Publié le 19 septembre 2025
Beñat Molimos est le coprésident d’Euskal Herriko Laborantza Ganbara, une chambre d’agriculture qui a choisi de travailler avec les élus et la société civile du Pays basque. Un engagement de longue date qui a fait de l’association un acteur incontournable du territoire.
Eleveur de brebis laitières au Pays basque, Beñat Molimos est un acteur majeur de l’agriculture paysanne. Coprésident de l’association Euskal Herriko Laborantza Ganbara (EHLG) depuis 2015, il se bat pour préserver un modèle agricole respectueux des spécificités locales, loin des logiques productivistes. Depuis 1994, son parcours militant s’inscrit dans un mouvement de résistance face à l’agro-industrie.
Après avoir repris l’exploitation familiale en 1994, Beñat rejoint Euskal Herriko Laborarien Batasuna (ELB), branche locale de la Confédération paysanne.

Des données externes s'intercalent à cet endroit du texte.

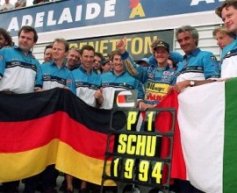 Teammate says Schumacher cheated in 1994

Le but: défendre une agriculture paysanne face à la FNSEA, majoritaire dans la chambre d’agriculture des Pyrénées-Atlantiques, département qui, depuis la Révolution, fusionne le Béarn et le Pays basque. C’est dans ce cadre qu’émerge une idée audacieuse, que Beñat résume :
« En 2001, les élections à la chambre d’agriculture révèlent qu’au Pays basque ELB est majoritaire ; en revanche, elle est minoritaire à l’échelle départementale. Nos idées n’étaient pas entendues, alors que nous défendions la spécificité de l’agriculture locale, principalement tournée vers l’élevage et constituée de petites structures. »
EHLG naît donc en 2005, avec pour objectif d’offrir une alternative à la chambre d’agriculture officielle jugée plus compatible avec l’agrobusiness. L’idée :défendre l’agriculture paysanne et associer à la décision sur les enjeux agricoles d’autres acteurs que les seuls professionnels du secteur.
Mais un obstacle s’impose bientôt – et pas le moindre : l’État, qui voit là un concurrent illégal à une institution officielle et poursuit l’association, alors même que sa reconnaissance grandit.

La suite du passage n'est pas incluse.